▶ _What you will do_
Would you print the data below exactly, leaving out every picture?

▶ _Dataset section_
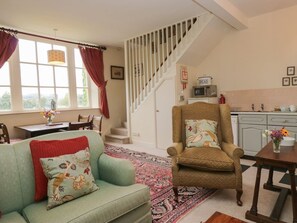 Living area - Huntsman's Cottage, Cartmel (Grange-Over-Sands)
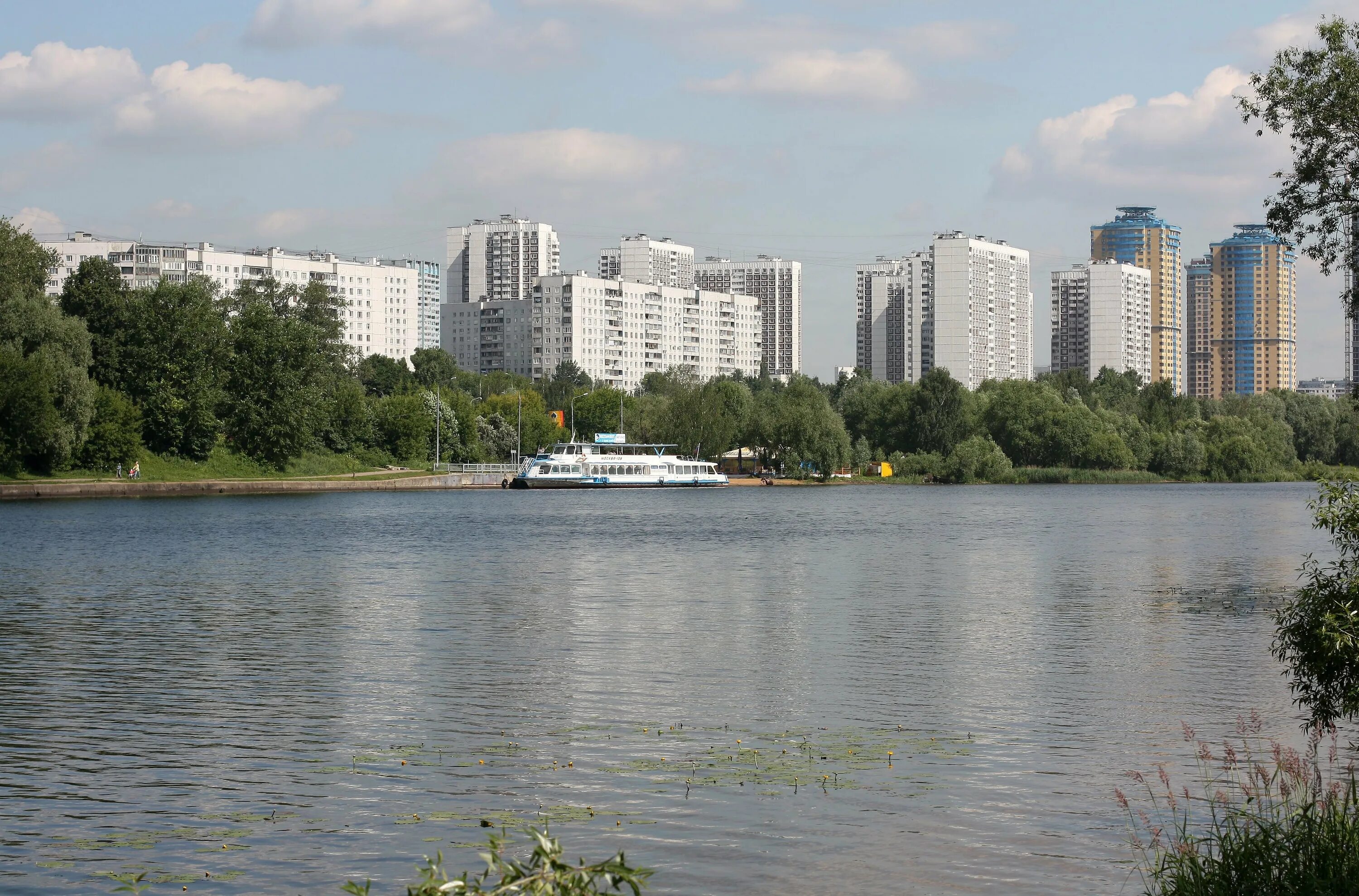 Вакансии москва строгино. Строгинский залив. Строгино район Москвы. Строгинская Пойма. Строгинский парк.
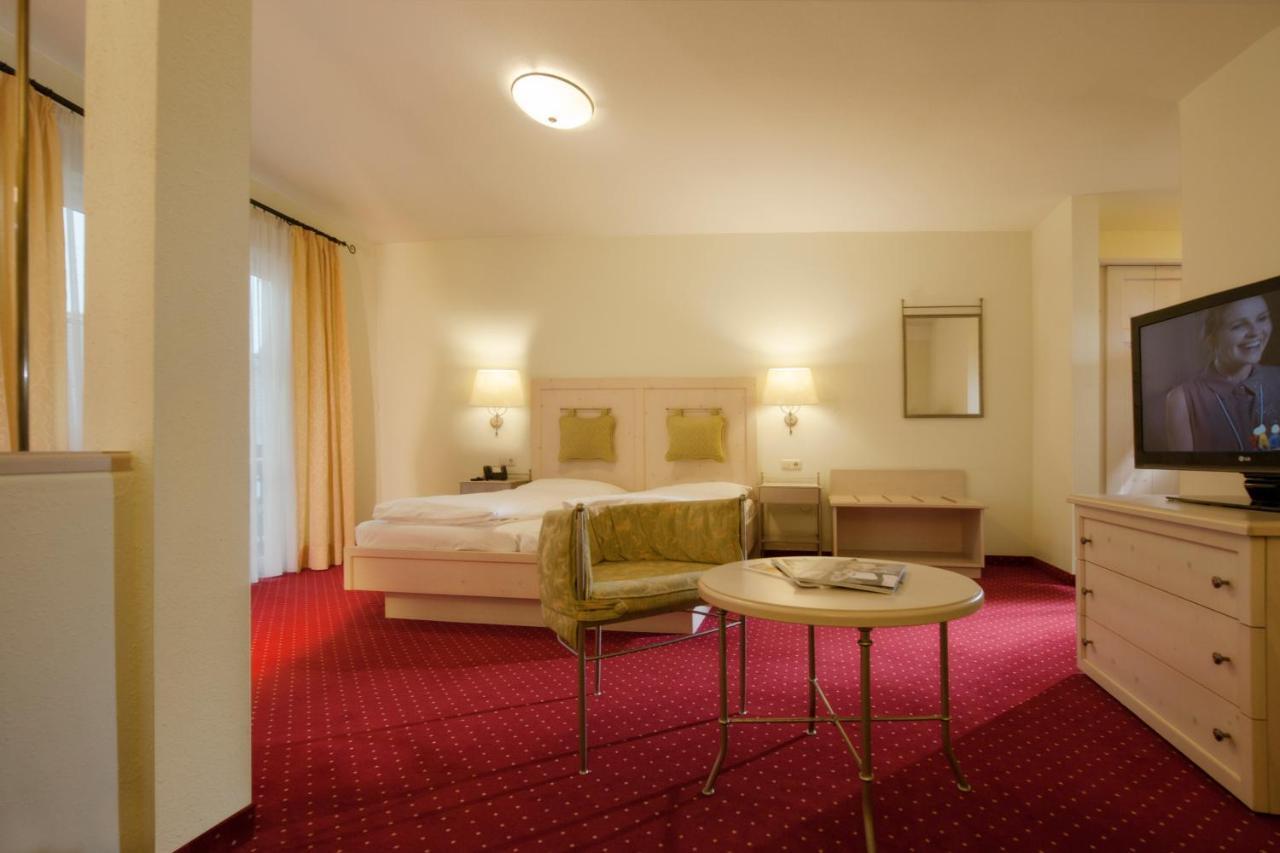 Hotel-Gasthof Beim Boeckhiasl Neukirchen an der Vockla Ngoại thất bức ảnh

▶ _Task response_
 Living area - Huntsman's Cottage, Cartmel (Grange-Over-Sands)
 Вакансии москва строгино. Строгинский залив. Строгино район Москвы. Строгинская Пойма. Строгинский парк.
 Hotel-Gasthof Beim Boeckhiasl Neukirchen an der Vockla Ngoại thất bức ảnh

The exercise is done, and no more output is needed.